Start of Information supplied

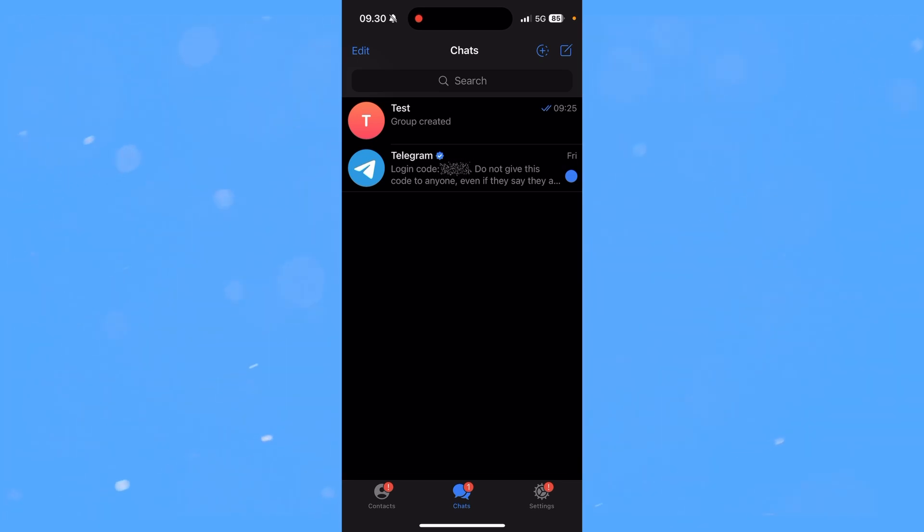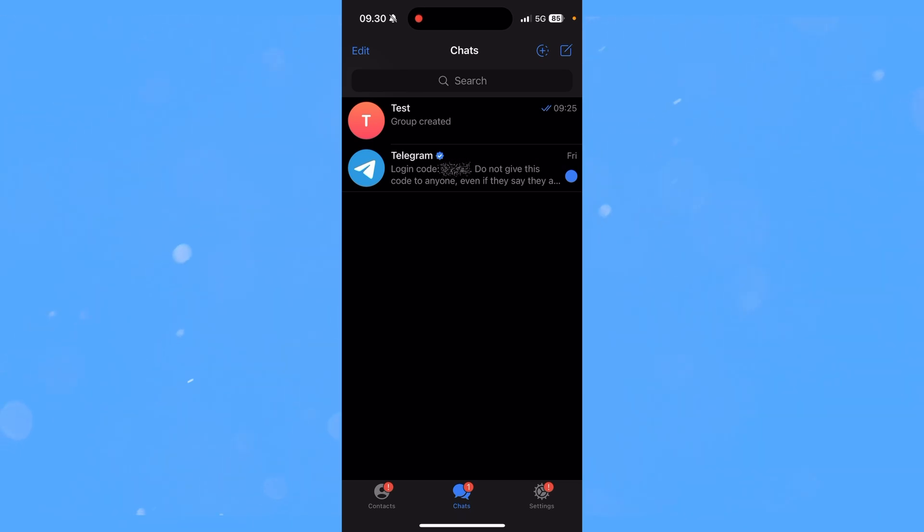that has been inside that specific group. And that's how you do it. If you have any questions about it, please leave them down in the comments below and I'll try my best to answer them as quickly as possible. See ya!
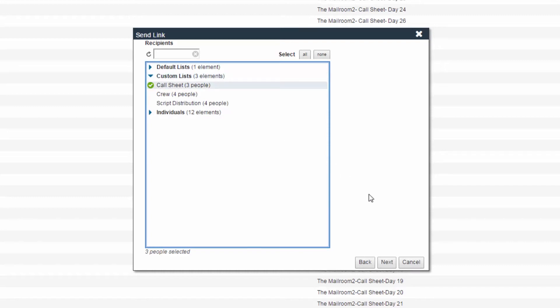Note that a recipient will need to create a password to open the link if they've never logged in to Synchronize before. Click the Next button.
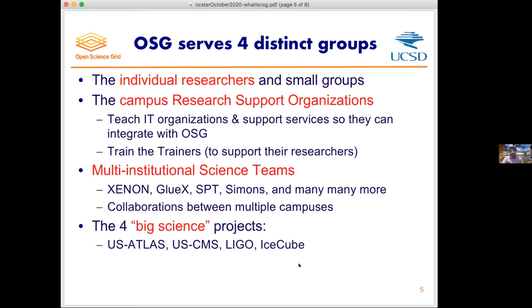Across many campuses we have several multi-institutional science teams that utilize the OSG — for example, XENON and XENON1T, GlueX, SPT, Simons Observatory, and many more. And finally, we have a number of big science projects that really push the scale and the bleeding edge of many of our services. These are, for example, US ATLAS, US CMS, LIGO, and IceCube.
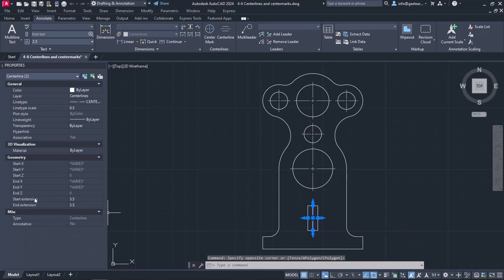Similarly, I could have changed the Start and End extensions of the center lines.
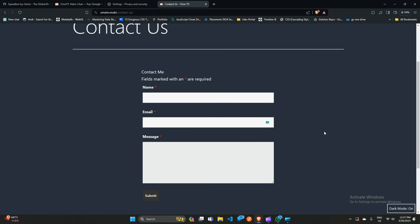And there you have it, our guide on how to fix Ome TV when it's stuck on waiting for network. By following these steps, you should be able to troubleshoot and resolve this frustrating error. So if you found this video helpful, don't forget to give a thumbs up and subscribe to our channel for more tech tips and tutorials. Thanks for watching, and until next time, stay connected.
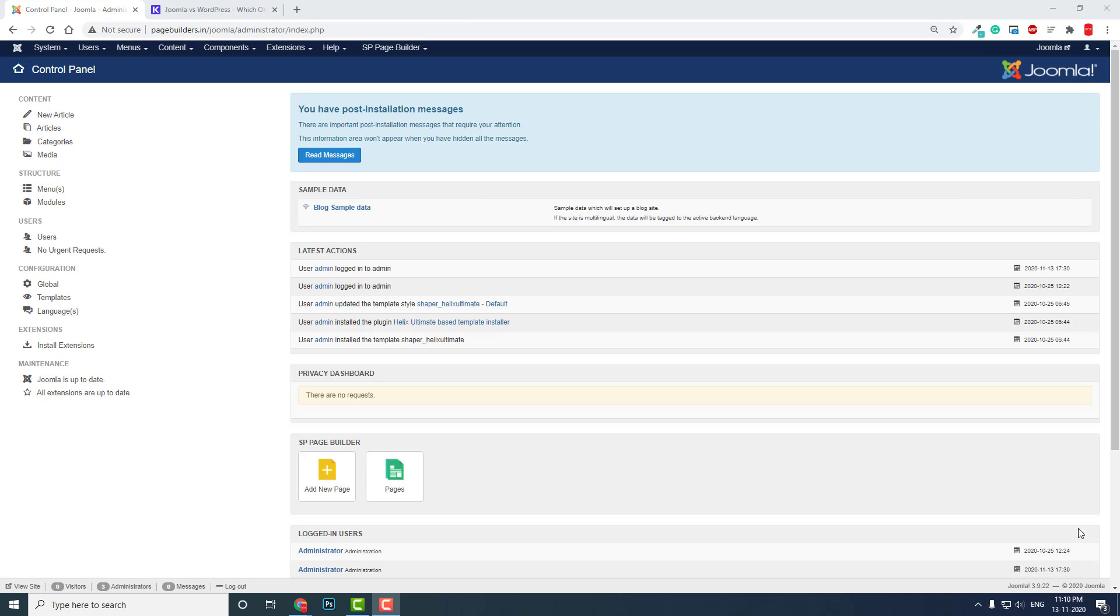Joomla was difficult a few years back, but now, like WordPress, Joomla also has many page builders. Using these page builders we can design many beautiful, professional-looking Joomla websites.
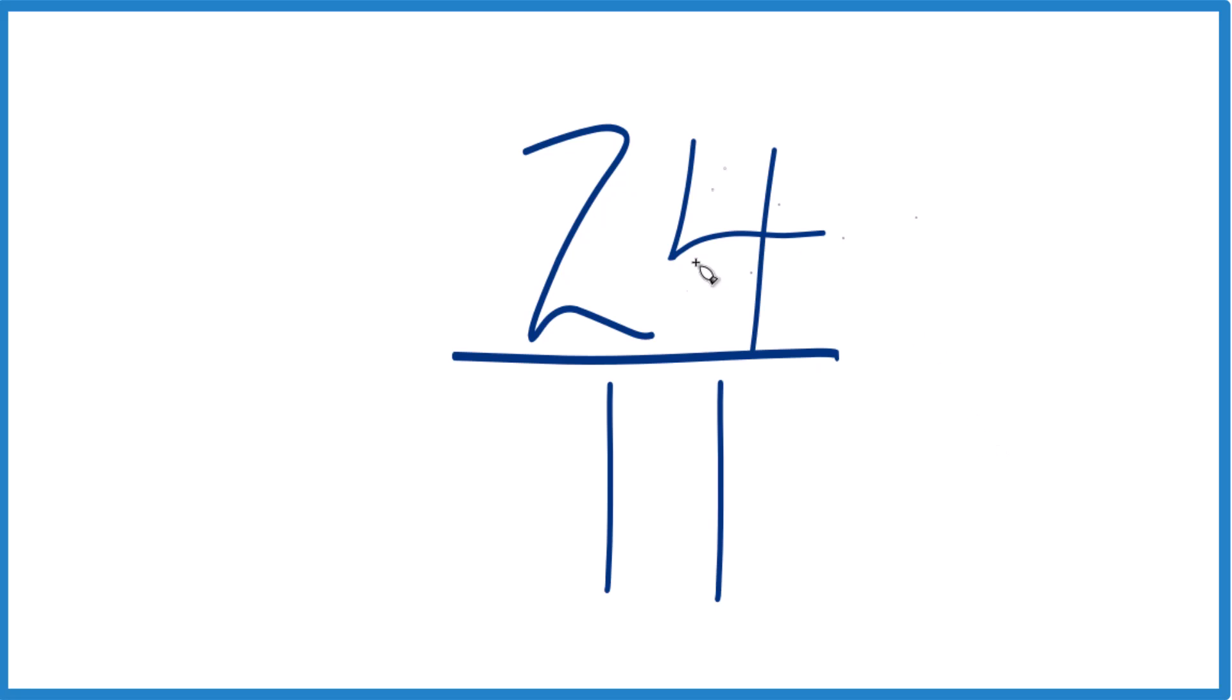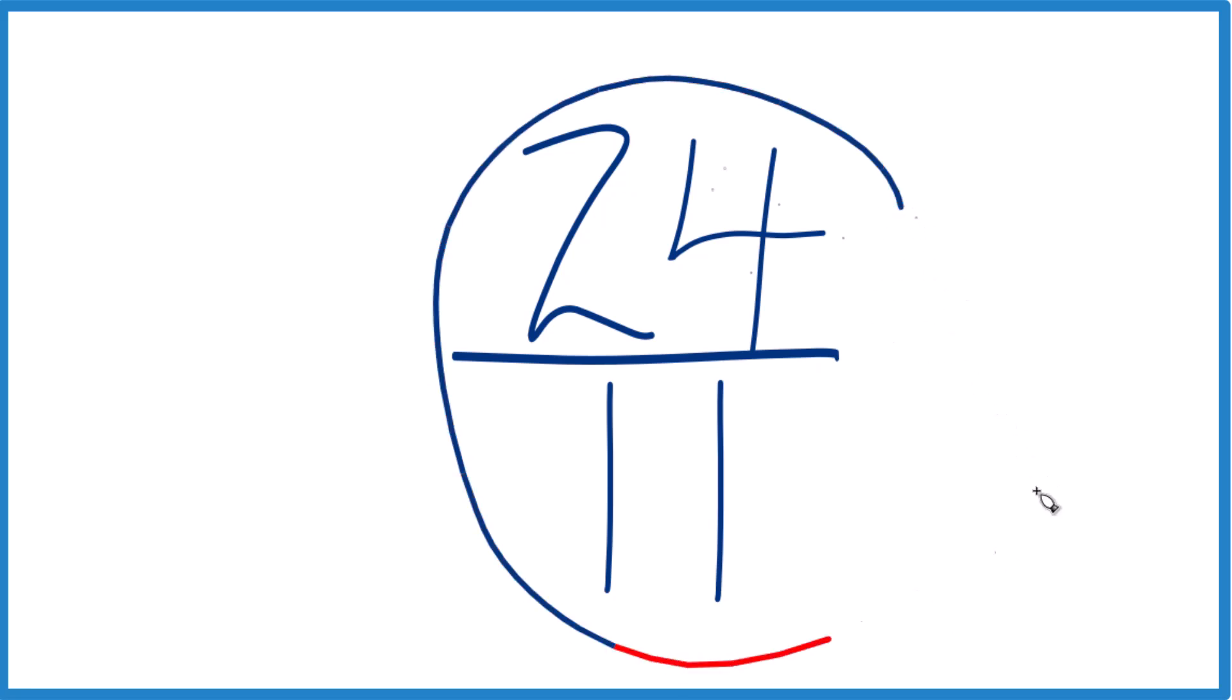So we divide 24 by 1 and 11 by 1, we get 24 elevenths. That means that 24 elevenths, it's already simplified. We can't reduce this any further.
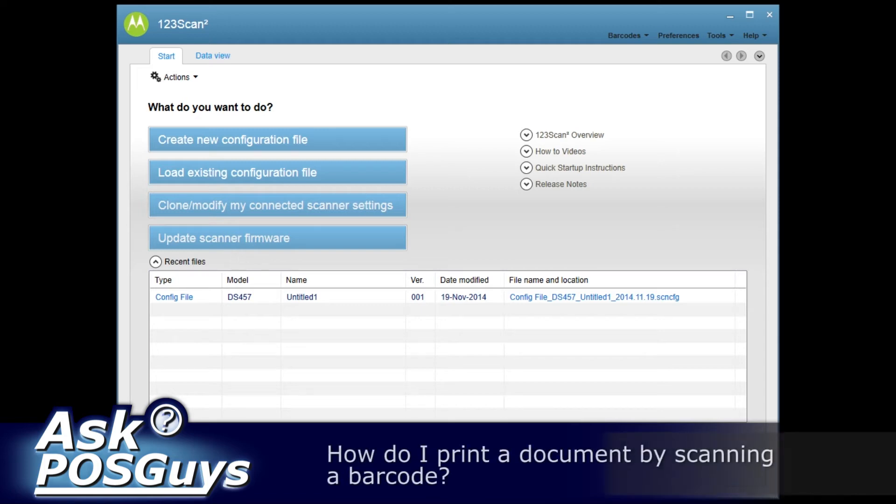Hi, this is Travis with POSGuys.com. Today we're going to take another look at scanning and printing.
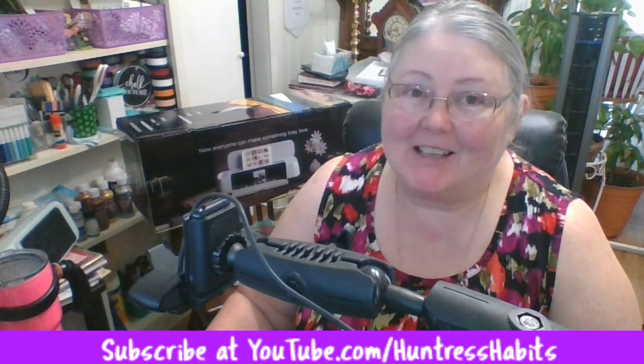Hi everybody, it's Tricia from Huntress Habits and I'm glad you're joining me today, especially after my last video. If you need a good laugh, go watch the last half of it. We'll continue with our new maker project right after this.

End of Information supplied

▸ **About this task**: From the opening line of the entries above to the line containing "Note that a", please transcribe each line exactly, skipping every picture.

▸ **Written response**:
that has been inside that specific group. And that's how you do it. If you have any questions about it, please leave them down in the comments below and I'll try my best to answer them as quickly as possible. See ya!
Note that a recipient will need to create a password to open the link if they've never logged in to Synchronize before. Click the Next button.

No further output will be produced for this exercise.